Ipamorelin is widely discussed in online fitness and anti-aging communities, frequently marketed as the 'safest' growth hormone secretagogue based on preclinical selectivity data showing minimal cortisol and prolactin release. This 'safest GHS' framing reflects community interpretation of animal pharmacology data, not a regulatory or clinical consensus. It is commonly stacked with CJC-1295 in telehealth and research-chemical protocols; neither compound is FDA-approved individually or in combination.

Summary verdict

MK-677 and ipamorelin are both unapproved growth hormone secretagogues that stimulate GH release via ghrelin receptor agonism, but they differ in three key dimensions. First, route: MK-677 is an orally bioavailable non-peptide, while ipamorelin is an injectable pentapeptide. Second, evidence: MK-677 has multiple published Phase 2 clinical trials with peer-reviewed human data, while ipamorelin's published evidence is primarily a 1998 pharmacology study with limited human clinical data. Third, regulatory history: MK-677 was actively developed by Merck through Phase 2 before discontinuation, while ipamorelin never entered a comparable clinical development program. Neither compound is FDA-approved for any indication. Both are sold as research-use-only products and are subject to FDA enforcement.
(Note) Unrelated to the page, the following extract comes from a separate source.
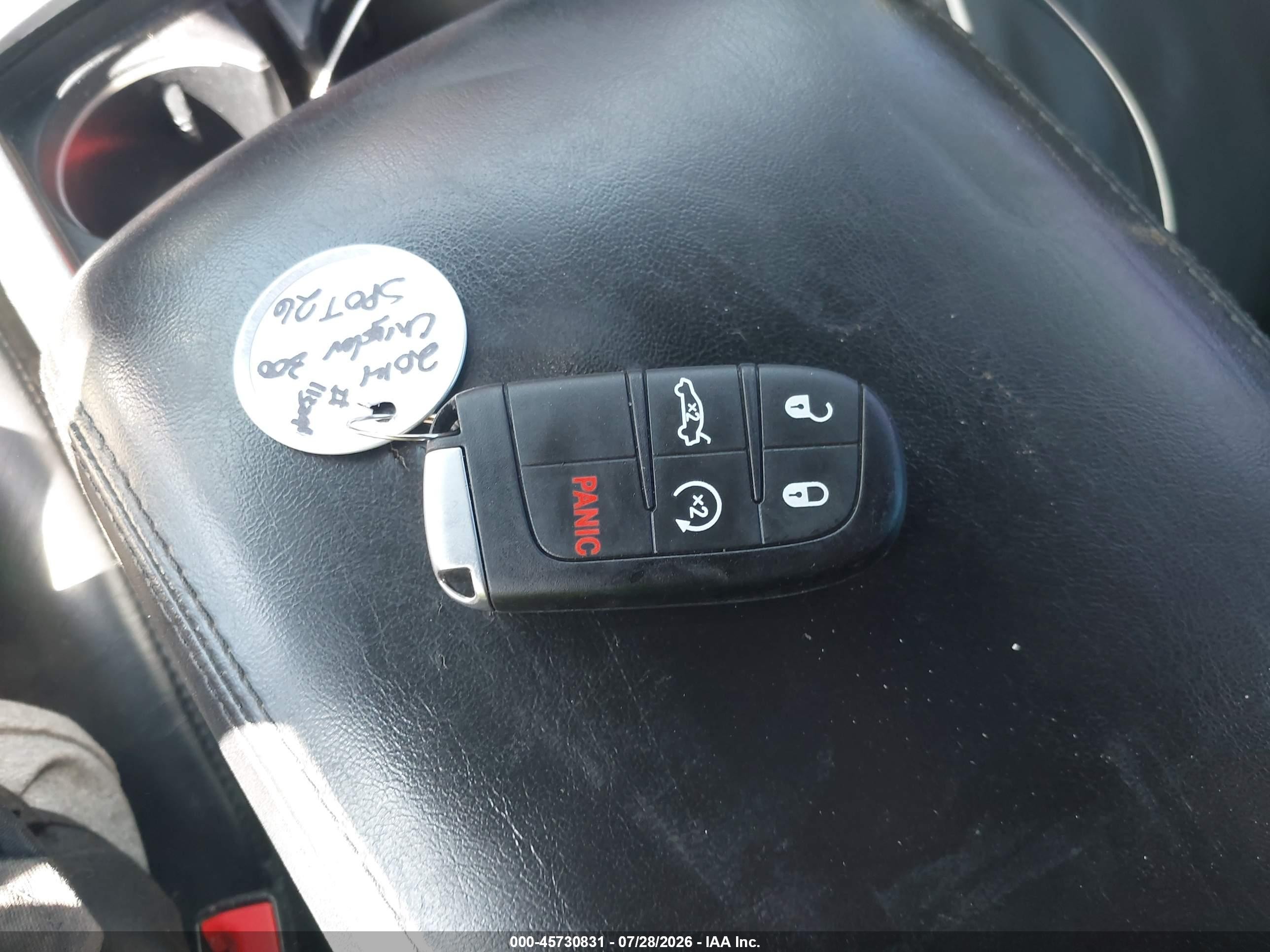 2014 Chrysler 300   Синий vin: 2C3CCAAG5EH125296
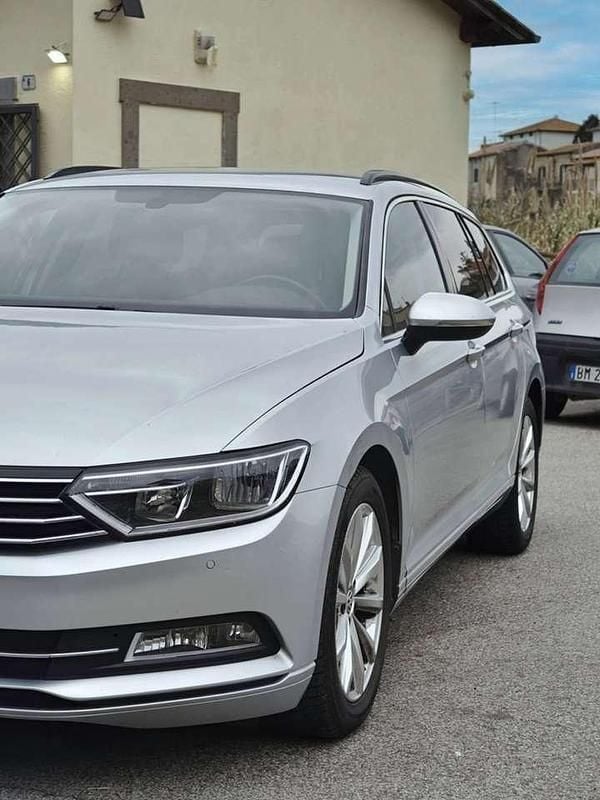 Usata VW Passat Business 120 CV (88 kW) 2016 Argento Station wagon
This comparison documents mechanistic, evidence-level, and regulatory differences; it does not recommend either compound or provide treatment guidance.

Related compounds: MK-677 (Ibutamoren) · Ipamorelin

Sources on this page

Source records are stored in the repo and linked from this comparison.

Oral Ghrelin Mimetic MK-677 Stimulates Pulsatile GH Secretion

Journal of Clinical Endocrinology & Metabolism (PubMed) · Peer reviewed · 2000-02-01 · accessed 2026-07-01

Svensson et al. (2000) study (PMID 10674575) demonstrating that oral MK-677 replicated the pulsatile GH profile seen with IV secretagogues in healthy older adults, with sustained IGF-1 increases over 4 weeks.

A 12-Month Study of the GH-Releasing Compound MK-677 in Hip Fracture Recovery

Journal of the American Geriatrics Society (PubMed) · Peer reviewed · 2002-03-01 · accessed 2026-07-01

Bach et al. (2002) 12-month Phase 2 trial (PMID 12004295) showing MK-677 improved functional status in elderly patients with hip fracture. Despite positive pharmacodynamic data, Merck did not advance MK-677 to FDA approval.

MK-677 Hip Fracture Recovery Trial — ClinicalTrials.gov

ClinicalTrials.gov / U.S. National Library of Medicine · Primary regulatory · 2009-11-01 · accessed 2026-07-01

ClinicalTrials.gov registry entry (NCT01016781) for the MK-677 hip fracture recovery trial sponsored by Merck. MK-677 is not FDA-approved for any indication.

Ipamorelin, the First Selective Growth Hormone Secretagogue — Pharmacology

European Journal of Endocrinology (PubMed) · Peer reviewed · 1998-12-01 · accessed 2026-07-01

Raun et al. (1998) original pharmacology publication (PMID 9860070) describing ipamorelin as a pentapeptide growth hormone secretagogue with selectivity for GH release over cortisol and prolactin in animal models.

Warning Letter: Gram Peptides

U.S. Food and Drug Administration · Primary regulatory · 2026-03-31 · accessed 2026-06-30

FDA warning letter discussing peptide products marketed online and the limits of research-use-only positioning.